While The Mummy franchise dates all the way back to the 1930s, modern audiences are probably best familiar with its 1999 iteration starring Brendan Fraser and Rachel Weisz - a fun, campy action adventure that went for more of an Indiana Jones-vibe than traditional horror. The 2017 reboot takes a few cues from that version, but misses the most important ingredient - the fun.

Nick Morton (Tom Cruise) and Chris Vail (Jake Johnson) are opportunistic soldiers that unearth an ancient Egyptian tomb hidden in Iraq. They, along with archaelogist Jennifer Halsey (Annabelle Wallis) take the sarcorphagus of the ruthless Princess Ahmanet (Sofia Boutella), inadvartenedly unleashing her evil upon the world. 

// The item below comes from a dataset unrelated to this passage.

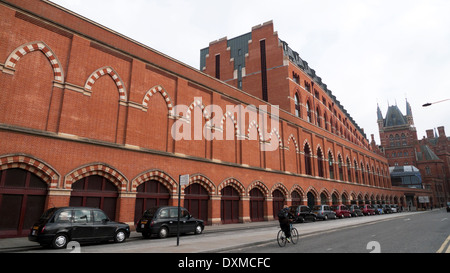 Person, die hinter dem Taxistand am Bahnhof St. Pancras in London, England UK KATHY DEWITT Radfahren Stockfoto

The Mummy was meant to be the first in Universal's planned Dark Universe - a shared continuity for classic horror icons such as Frankenstein, Jekyll and Hyde, and more. 2014's Dracula Untold was originally meant to kickstart the Dark Universe, but it was torn apart by critics and failed to really excite audiences. By the looks of it, history is repeating itself with The Mummy

Like other misguided attempts at launching a cinematic universe (looking at you, The Amazing Spider-Man series), The Mummy is way more interested in setting up sequels and future franchise fare that it is in its own story. Doctor Henry Jekyll (Russel Crowe) is part of a secret society that takes on supernatural threats and much of the movie's second half is spent listening to dull exposition about things that will don't really have a payoff. 

The characters are all fairly one-dimensional and atrociously written. There's basically zero chemistry between Cruise and Wallis, Johnson's loud, obnoxious and unfunny sidekick character dies and then comes back as a loud obnoxious and unfunny zombie/hallucination and Russel Crowe spouts out exposition. That's about it. 

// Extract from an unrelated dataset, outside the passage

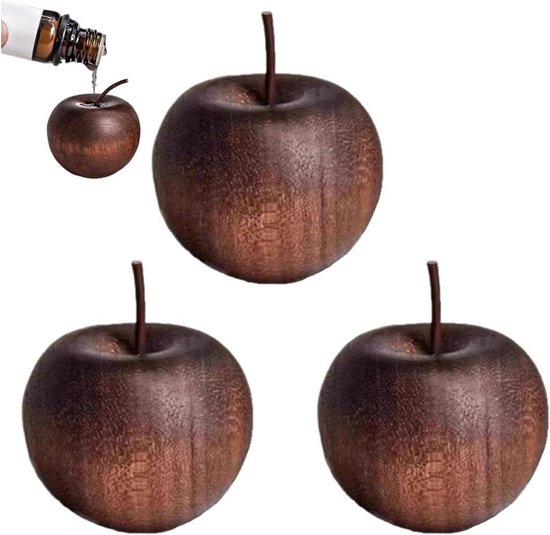 Drie bruine houten appels, één in close-up met een flesje olie dat erop druppelt.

Cruise appears half-wake except when there are stunts to be done. Said stunts might have been impressive if there was any real sense of weight or impact to them. Nick Morton is basically a immortal ragdoll and watching him get flung all over the place accompanied by crunch sound effects is the closest the movie comes to entertaining. He never seems to get bruised, or even winded!

Boutella was the right pick to give a female incarnation of the iconic Mummy a shot, but this reboot gives her little to work with except a cool design. Her ability to screw with Nick's head leads to at least one sort-of neat moment, but she is otherwise neither particularly entertaining or menacing as a villain. 

The Mummy's pacing is awkward and disjointed. It feels less like a cohesive story and more like a series of plot points, set pieces and thinly written characters haphazardly thrown together. The first half is all forward momentum before the whole thing comes to a screeching halt to let Dr. Jekyll drop an exposition dump.

Visually, the movie is dark, in a very unappealing and unemorable kind of way. It shows you things that aren't that interesting to look at in rooms too dark to really see them properly. The special effects are passable - they don't take you out of the movie, but they're not really a reason to go in. The plane sequence is easily the highlight of the film (which is why it was so prominently featured in all of the trailers), but it's nowhere near engrossing enough to warrant watching the rest of this mess.

As a story that's meant to set the stage for the upcoming Dark Universe, The Mummy is a colossal failure and on its own terms, it's a dull, uninspired summer blockbuster that's best left forgotten.